Sir and I haven’t really the time to play and prep for more serious and intense play, we haven’t had for quite some time! Too long really. There are short sessions and some spanking but being pushed into subspace and maintaining it for any real length of time has been just a distant memory.

I don’t know about you all but the more often I can do it the more quickly I can fall back into it. The longer in between of course the more build up and prep I need to get into the proper mindset. Basically when I am operating on the submissive side of the road I can *fall* into subspace very quickly, the mind is a very powerful thing and I have been trained 😉 to respond on cue.

When I am operating on the dominant side of the road however I require a lot more *push* before I hit any sort of threshold, play wise.
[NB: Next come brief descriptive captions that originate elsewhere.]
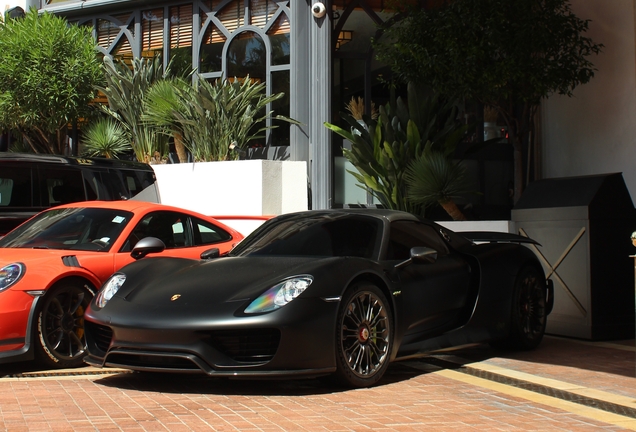 Porsche 918 Spyder Weissach Package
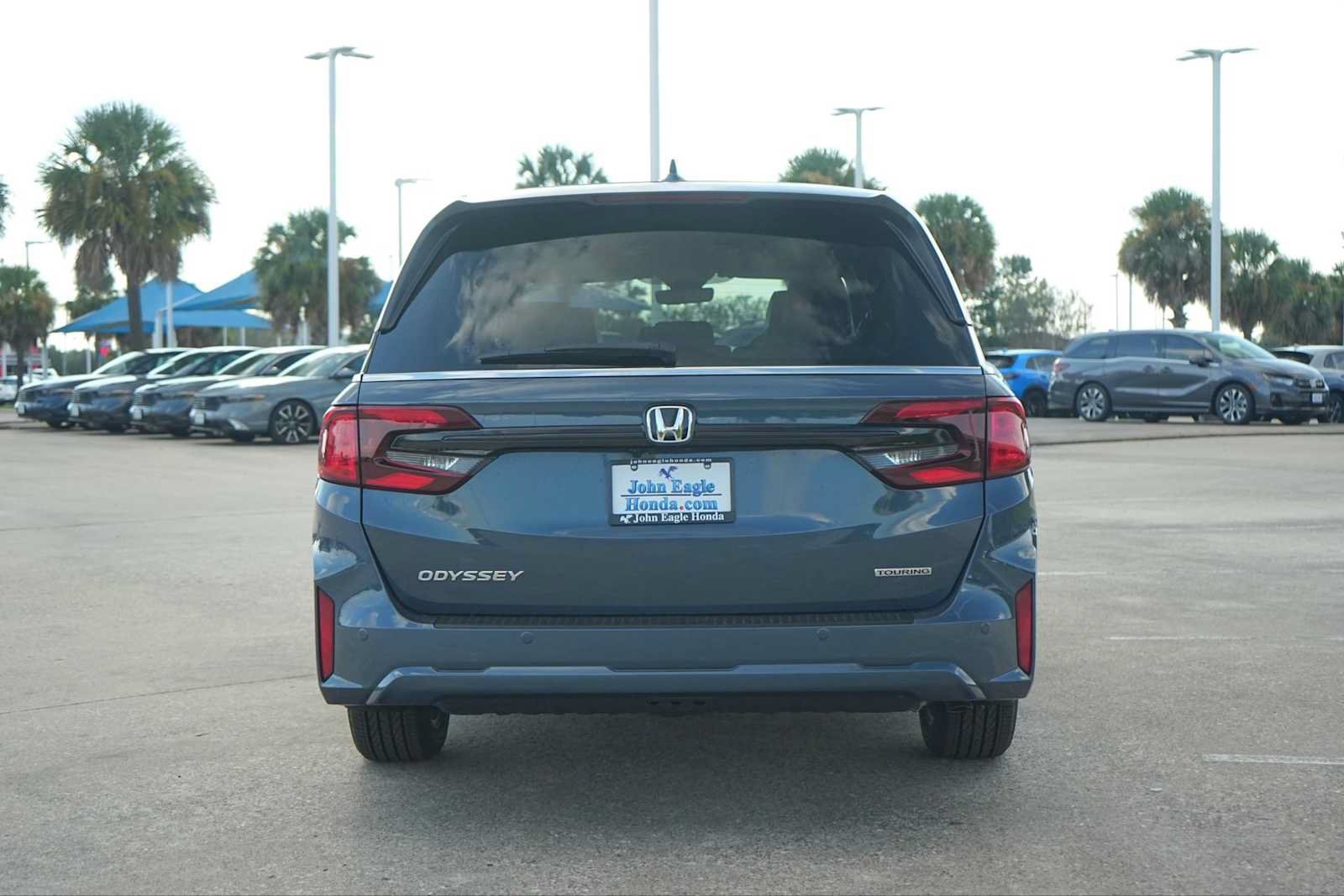 New 2027 Honda Odyssey Touring image 5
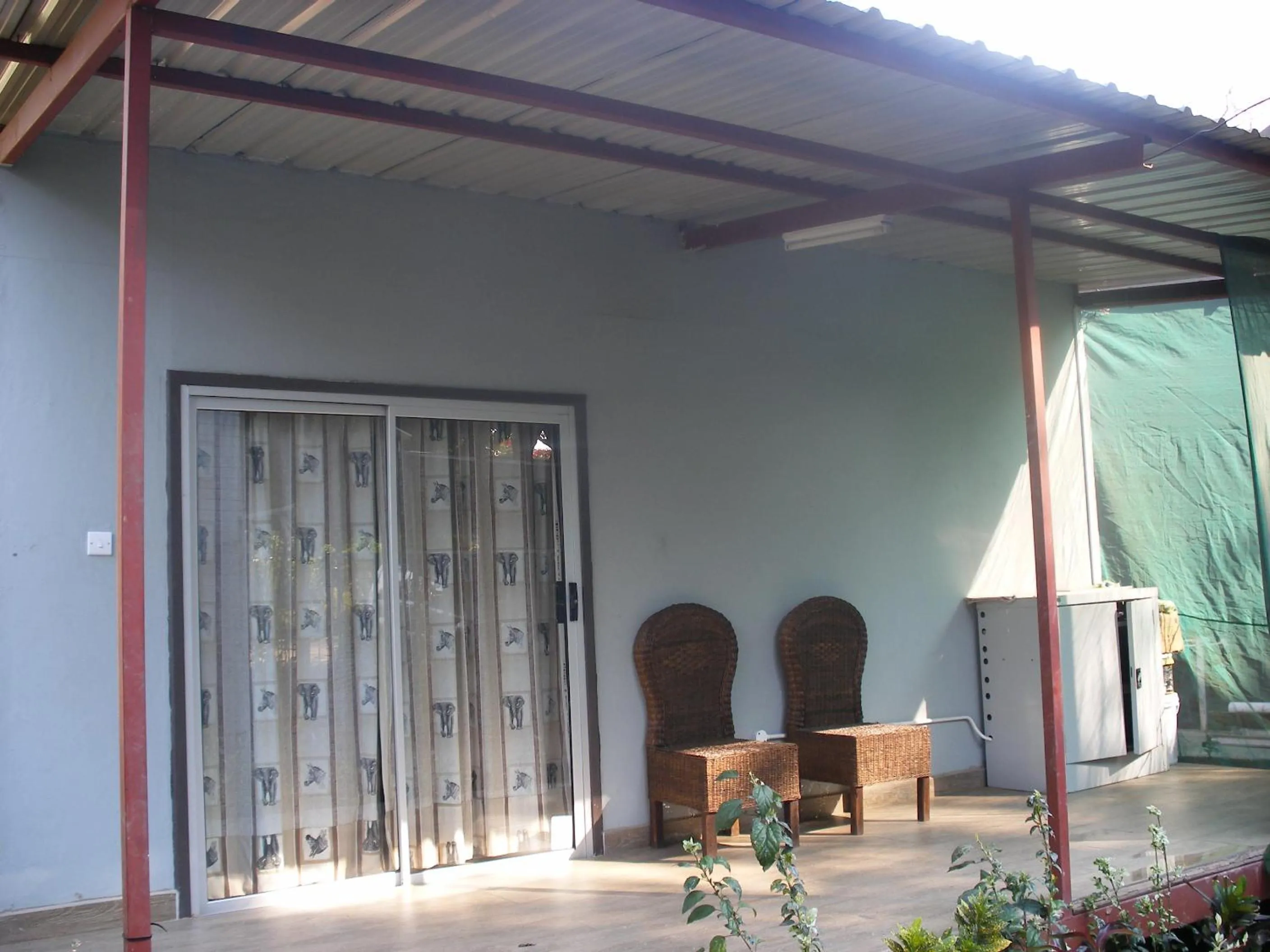 Property building in Gloria's Bed and Breakfast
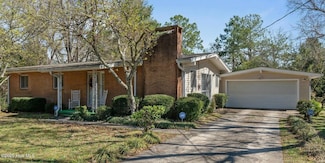 225 N Glover St, Southern Pines, NC 28387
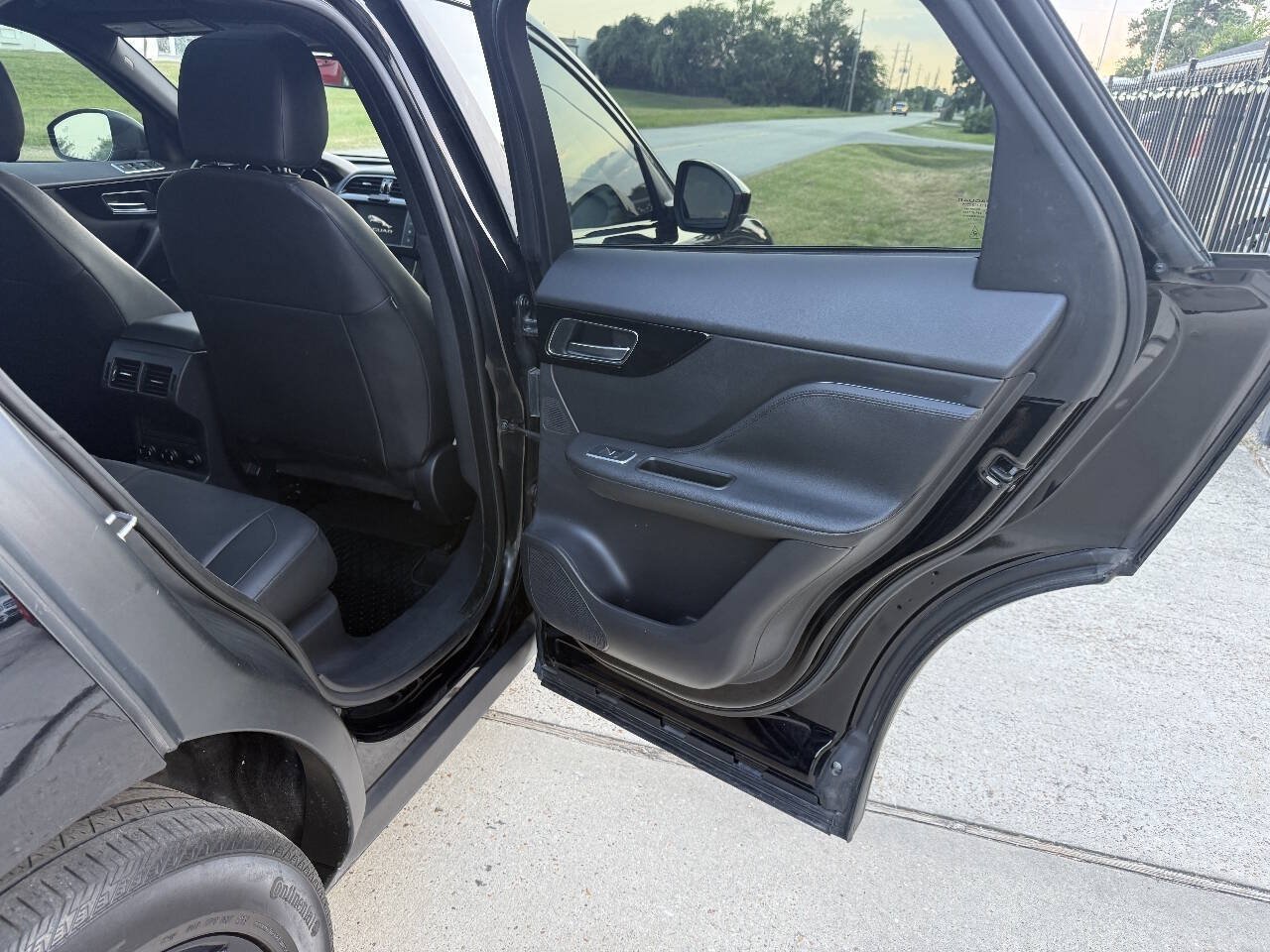 Used 2018 Jaguar F-PACE Premium AWD/4WD image 25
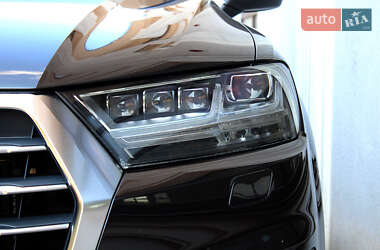 Позашляховик / Кросовер Audi Q7 2016 в 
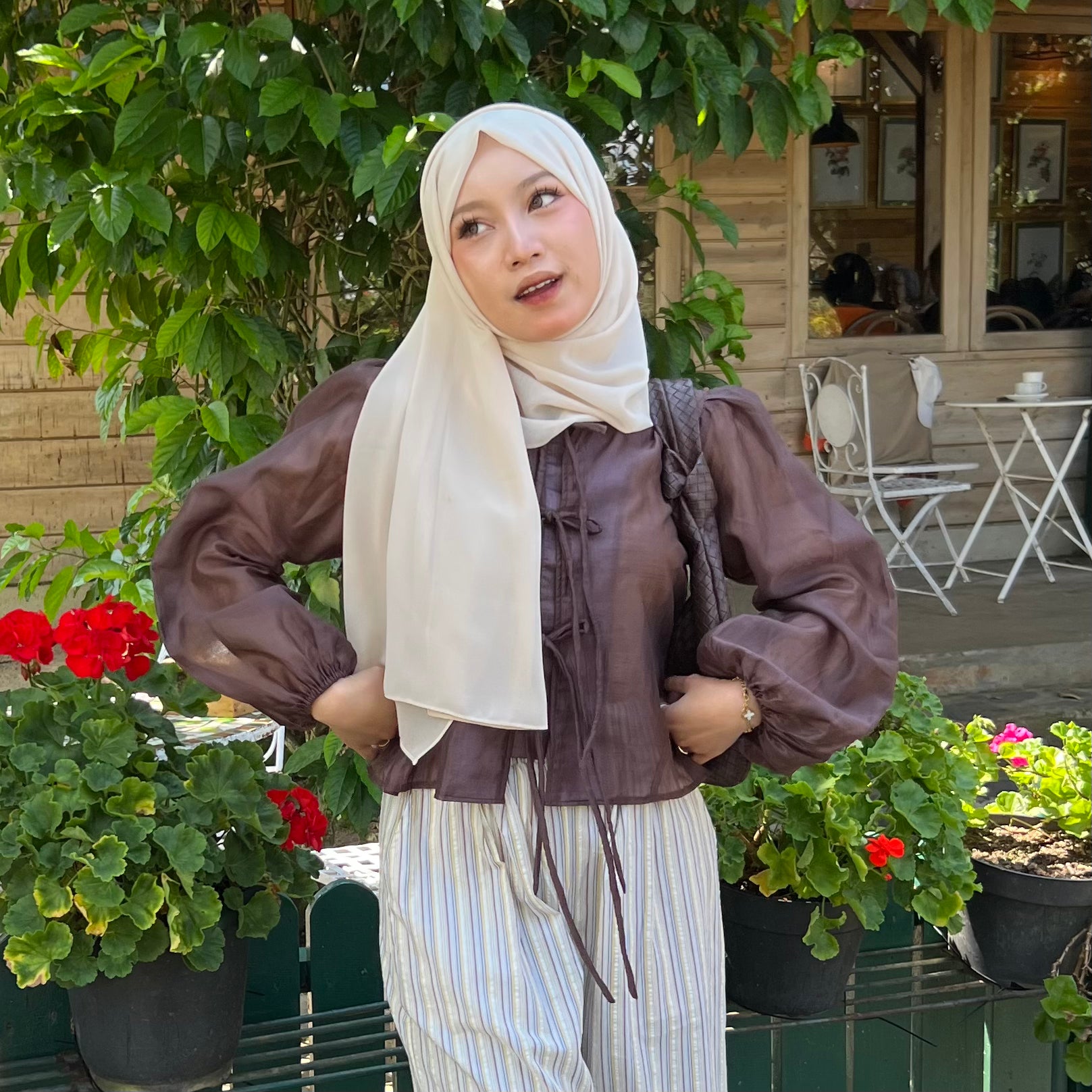 Calla Outer
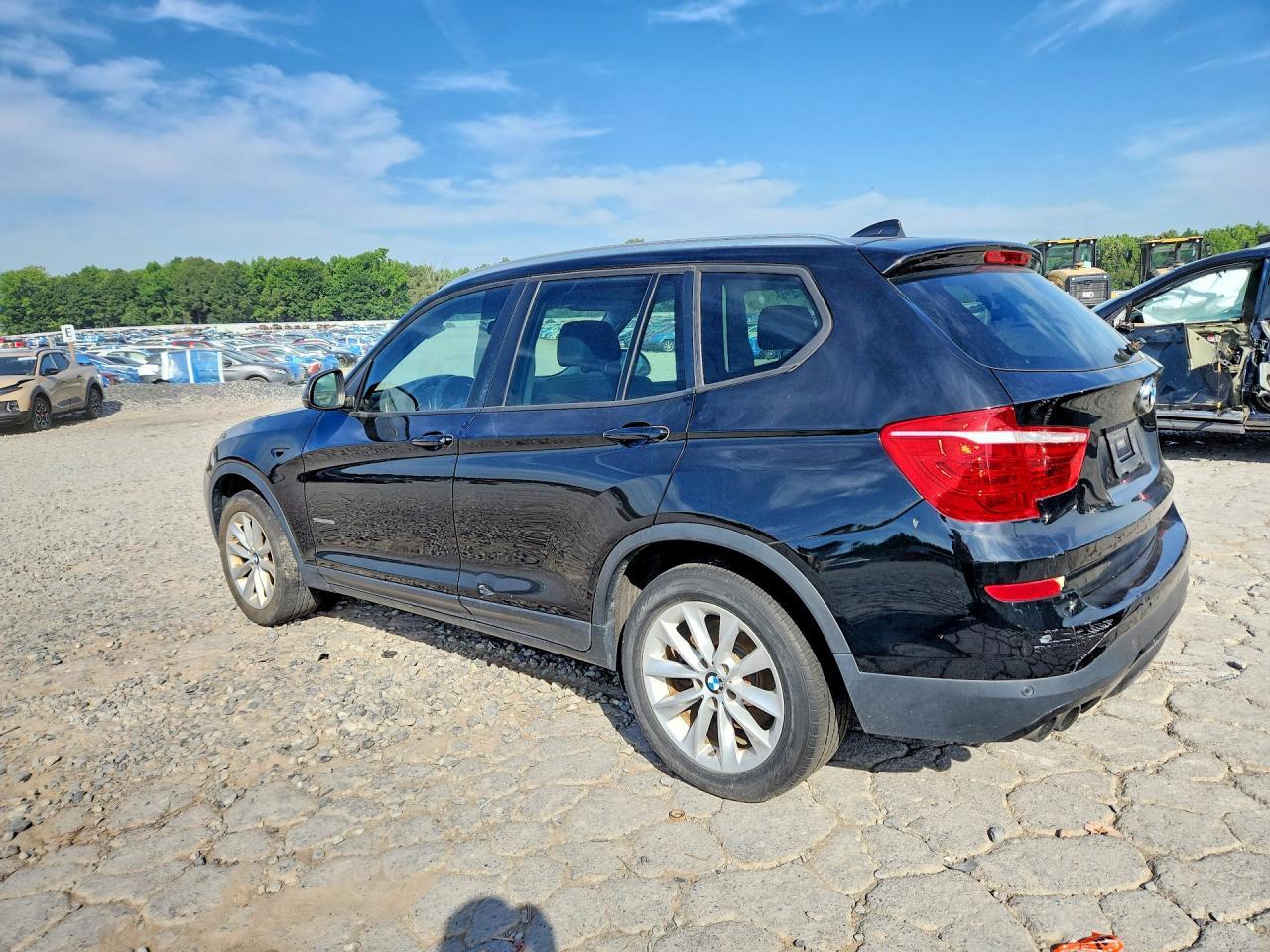 2015 BMW X3 Sdrive28I - Image 2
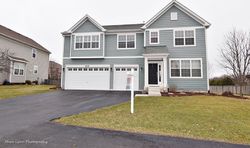Pre-foreclosure in  TRAILS END Elgin, IL 60124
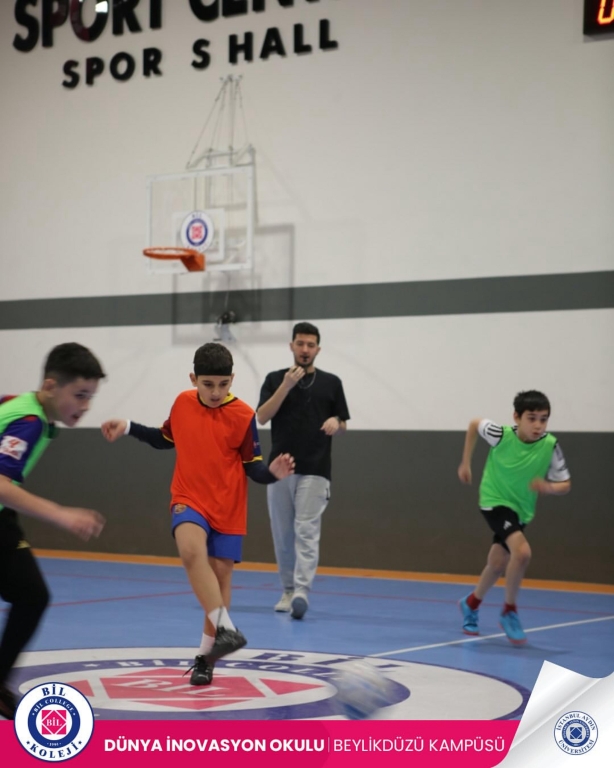 Avcılar Bil Koleji x Beylikdüzü Bil Koleji | Hazırlık Maçları Bugün sahalarda sporun birleştirici gücüne tanıklık ettik! Avcılar ve Beylikdüzü Bil Koleji öğrencileri, hem futsal hem de voleybol hazırlık maçlarında yeteneklerini ortaya koydu. Heyecan dolu anlar, güçlü takım oyunları ve dostça rekabetle geçen bu güzel günde kazanan yine dostluk oldu. Tüm sporcu öğrencilerimize ve katkı sunan öğretmenlerimize teşekkür ederiz!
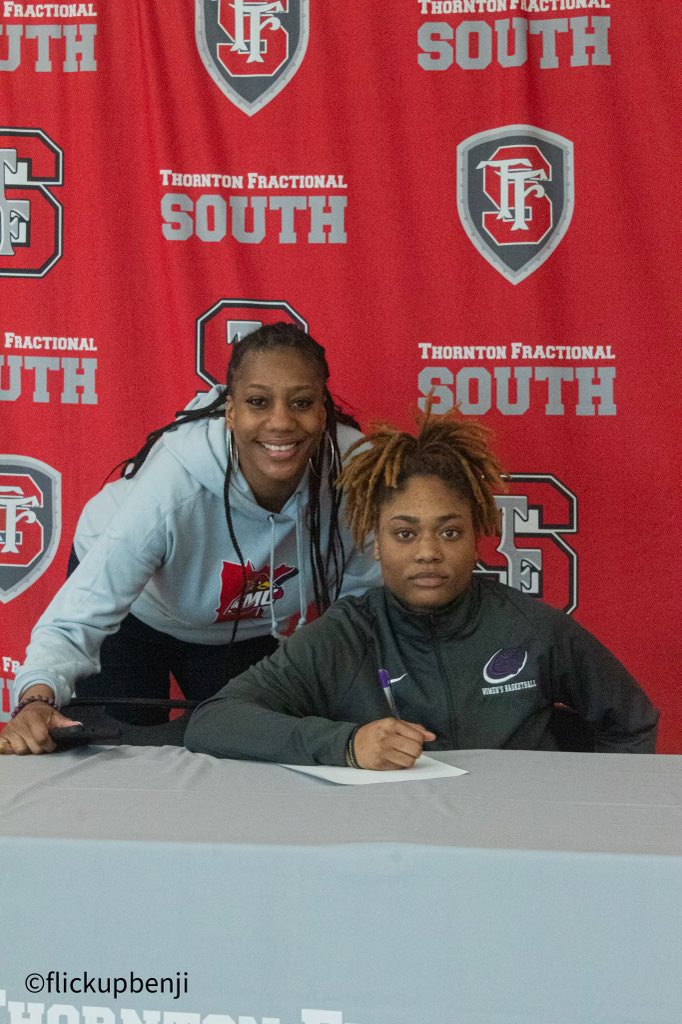 TF South Red Wolves Varsity Girls Basketball Team tweet media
Think the 18 gears of a semi truck ….

Lately real life has had me in dominant mode without stop for some time, my mind and body are linked of course and so the shifting of gears is definitely what I need first (I’m just referring to impact play here but it does relate to all aspects really), this means longer and more intense play to break through the every day and into the calm of subspace. When you always have a house full or an issue to deal with the odds are against you!

Anyway, we finally got a short time to play this weekend and I finally did get some respite but in order to get there the play was a bit more hurried and as a result I am left with many dark marks that I don’t normally sport. Although I like it intense we have found that between the skin care routine I have and a few other tricks to add intensity of feeling without force and a proper warm up!!! very important – I can normally play very intensely for hours and really have very few if any lasting marks! Once the redness and puffiness goes down the marks tend to be practically non-existent or fade very quickly.

Although hurrying through gave me the mental break I wanted it left too much damage behind and now the Bear will not take the chance of doing any real damage ….. so the normal ‘5 minutes’ have been put on hold! UGH!

On the bright side, even though I have been crazy busy and not feeling well (caught a bug) the Bear hasn’t eased up at all on expectations, as a matter of fact He changed some to suit the new schedule and added some to boot! 😀 Yesterday especially I kind of tested Him to see if He would let it slide because I really had NO ENERGY left at the end of the day, and really my mind wasn’t focused. He had none of that, He held fast and followed through. You’d think that might just add to my stress and make things worse but it didn’t.

Even though the fun play and spankings might not be on the agenda holding fast to the ‘rules’ helps to put my mind back where I like it. Adding to an already hectic schedule didn’t stress me, it calms me and the few new toys and subsequent submissive triggers He learned are certainly playing on my mind and I’m forever connected wondering if and when He’ll use them! *chuckle*

Now to go mind these marks and see if they are ‘passable’ yet!! 😛

Happy Hump Day!

Hope my next play date is a bit closer than the last!